When Google, or any other search engine, decides which websites to place at the top of a list of search results, one of the factors it considers is the number of links pointing to the site. A page that has many links from other places on the web (these are called “inbound links”) will rank more highly in the search results than a page that has only a few links. Web pages with many inbound links are more popular, and therefore Google concludes that those pages are more likely to have the information that a user is looking for.

Spam comments are a way to “game the system” by randomly blasting comments into the web in order to get as many links to your site as possible. Some of these will be deleted by attentive (and irritated) editors and administrators, and some of them will be filtered out automatically by spam filter programs. But some will get through, and the more that do, the more inbound links your website will have, and the higher the search engines will place your site in search results.

The mass-production of generic comments is one of many techniques that are described in the industry as “black hat SEO”: techniques for increasing a website’s search engine status that are viewed as underhanded, shady, or in some other way inappropriate. The term contrasts with “white hat SEO”, which includes techniques for improving search engine placement that conform to the proper ideals of how the web should be used, and are generally honourable, honest, and non-annoying. At least, that is the standard pitch.

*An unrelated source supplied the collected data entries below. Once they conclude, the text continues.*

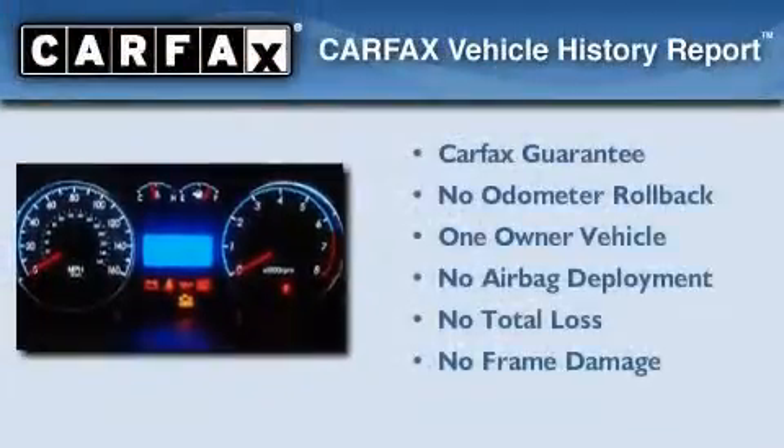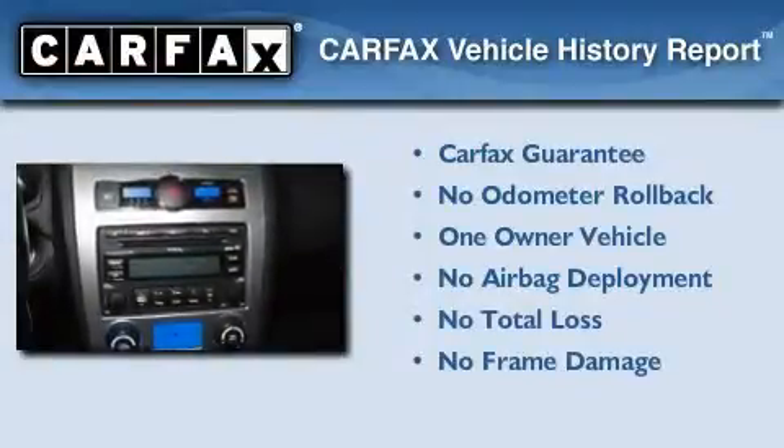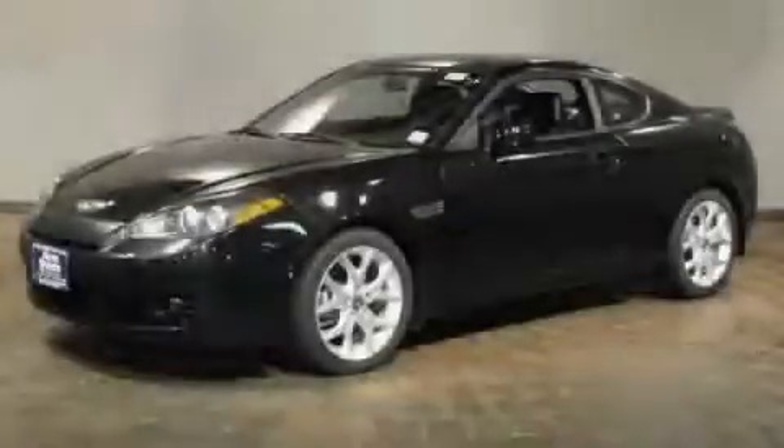This Hyundai has had only one owner and it qualifies for the Carfax Buyback Guarantee. We hope you found this video informative. Please contact us today.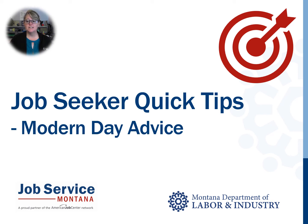Welcome to JobSeeker Quick Tips, a five-minute video covering four key areas, brought to you by the Department of Labor and Industry and Job Service Montana. This training will cover cutting-edge advice for the modern-day job hunt. I'm Karen. Let's begin with job search tips.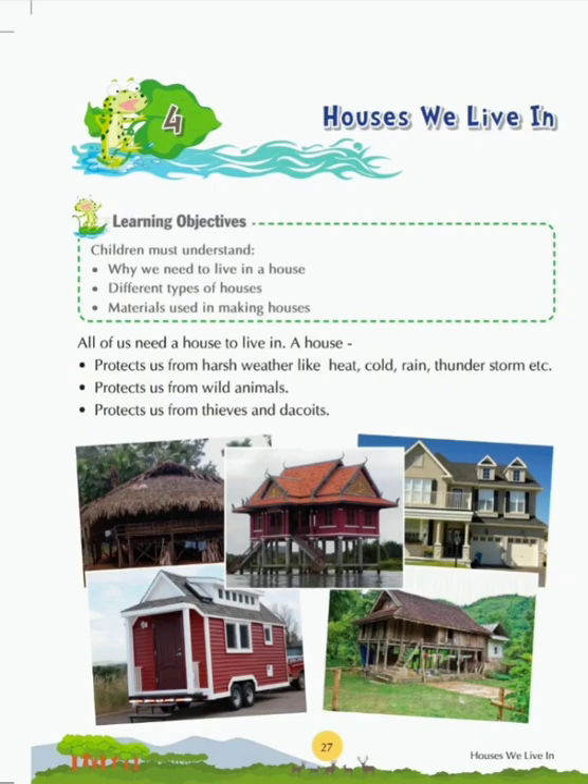Good morning students. Today we are going to study about houses. A house provides a sense of security and well-being. It protects us from extreme weather conditions and provides shelter. People live in different kinds of houses — some live in temporary houses while others live in permanent houses. The name of the chapter which we are going to study today is Houses We Live In.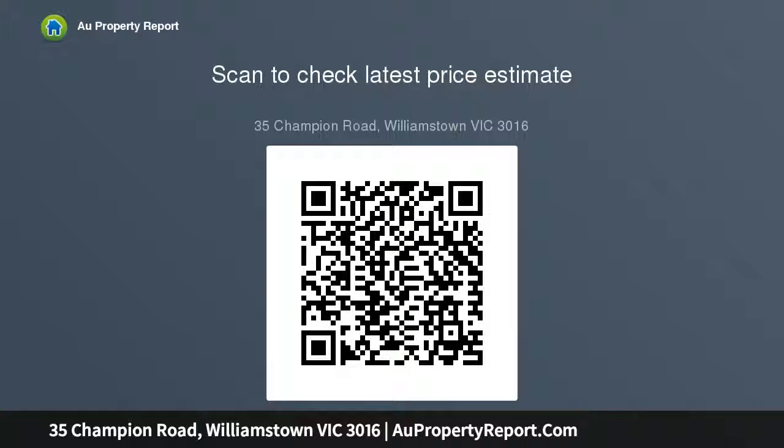Open plan living flows outdoors for a lavish alfresco lifestyle. Custom fabricated floorboards line these areas, overlooking an in-ground swimming pool.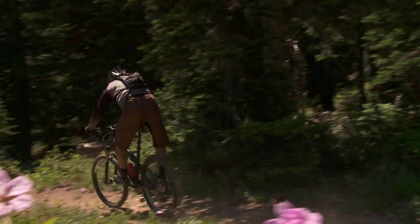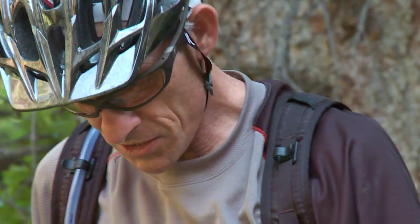Pedaling performance is awesome, descending performance gets even better. The bike rips. This 2010 Stumpjumper is the most versatile bike I've ever ridden.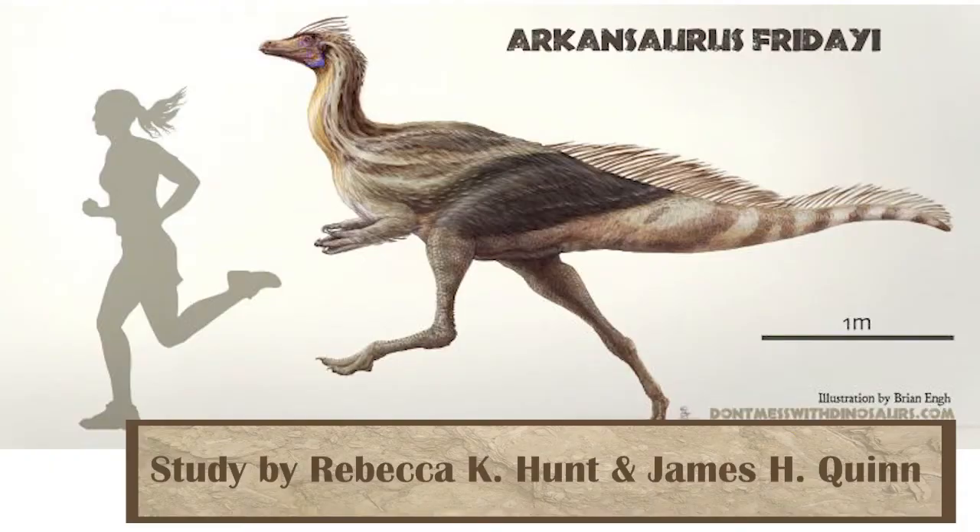The eastern half of the United States is more widely known in paleontology for not housing very many fossils. However, that doesn't mean there aren't any. Specifically this month, Arkansasaurus was announced — an ornithomimid found in Arkansas — and helps to shed light into how the differentiation of species occurred in the eastern half of North America, when it was split during the Cretaceous by the Western Interior Seaway.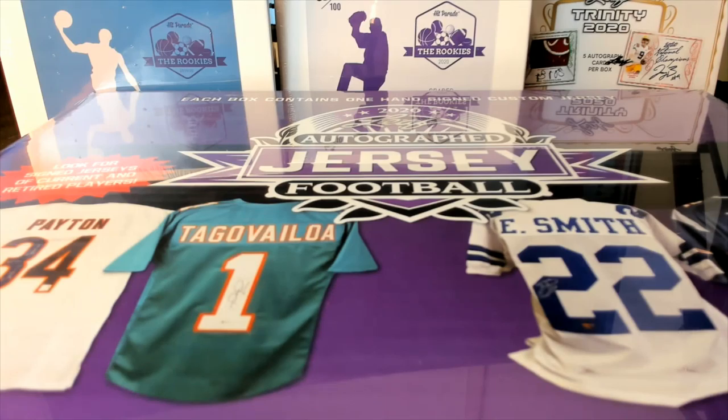2020 this is a Leaf autographed football jersey, guys - number 116, good luck. Let's see what this one looks like, all right.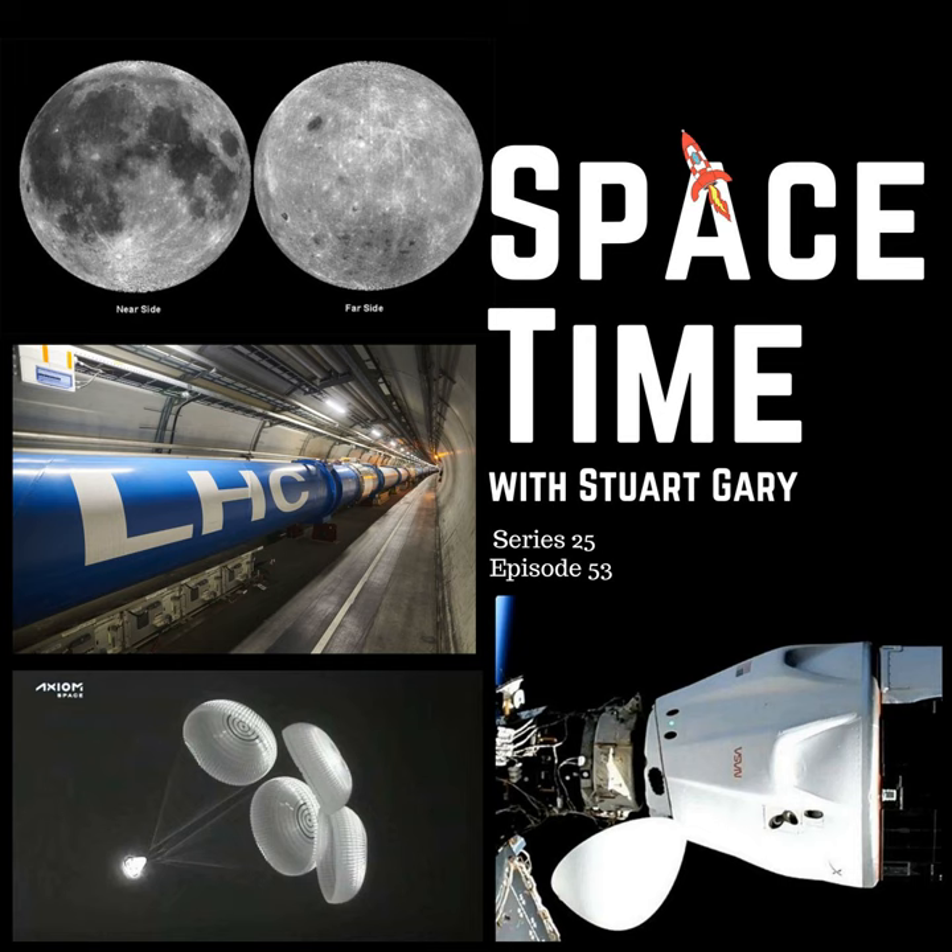This is SpaceTime Series 25, Episode 53, for broadcast on the 11th of May 2022. Coming up on SpaceTime: why the moon's near and far sides look so different; after a three-year shutdown, the Large Hadron Collider restarts operations; and a busy time aboard the International Space Station with the Axiom astronauts departing as the Crew-4 mission arrives. All that and more coming up on SpaceTime.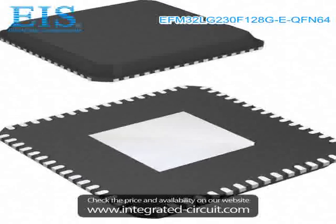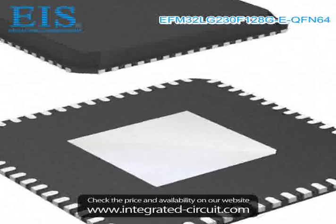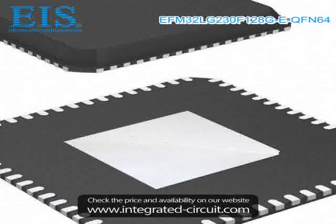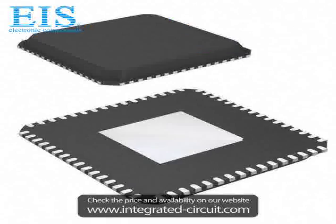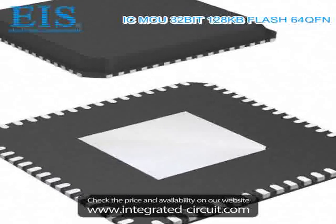Hello, this is Tams from Excellent Integrated System Limited. We are a professional stocking distributor of electronic components. We have many components in stock which can be shipped immediately after order.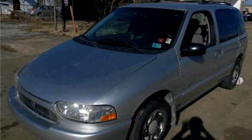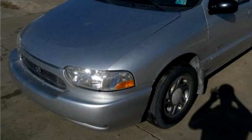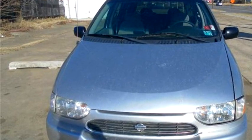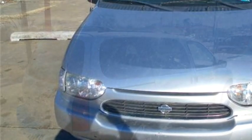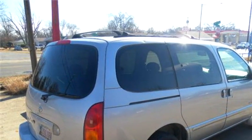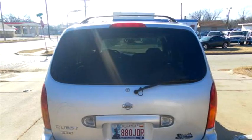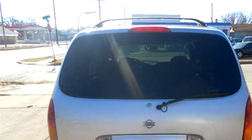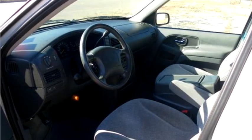High-Tech Motors proudly presents this 2000 Nissan Quest 4-door GLE Passenger Van. The body style is minivan. Transmission is automatic. Drive train is rear-wheel drive. Exterior color is silver, interior color is gray. It has a six-cylinder engine, 3.3-liter V6 OHV 12-valve.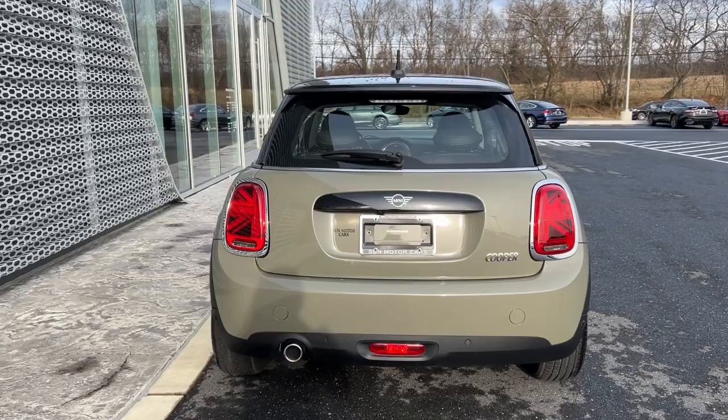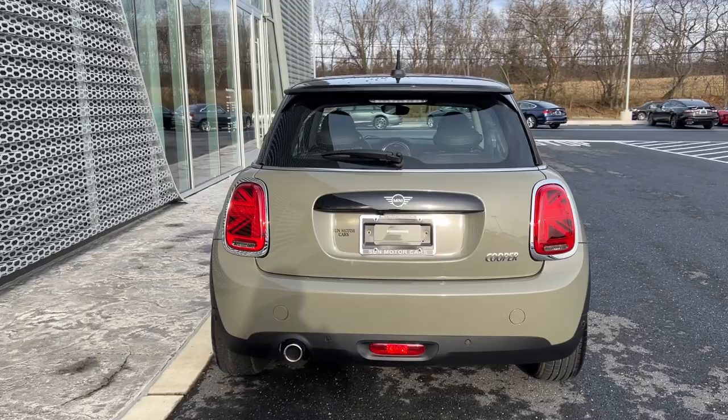Life is short. Make it fabulous in this fun-loving Mini Cooper. Come in for a road test — our team will make it the best part of your day.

Google is constantly working to identify “black hat SEO” techniques and punish websites that use them by ranking those sites lower in search results lists, or even preventing them from showing up entirely. Website administrators are constantly on the look out to clean up their pages and remove irrelevant, distracting, and sometimes offensive comments that are created by spammers.

It can get emotional. Spam is frustrating, annoying, and time-consuming to deal with. It can make it very difficult for the casual user who has to sift through hundreds of comment “advertisements” to find comments of actual substance. The problem has become so prevalent that some have thrown up their hands and declared that all SEO is nothing but a scam. Derek Powazek, a developer and web consultant, famously declared in a blog post several years ago that all SEO experts are cockroaches, bastards, and scum. No “white hat” versus “black hat” nuance there.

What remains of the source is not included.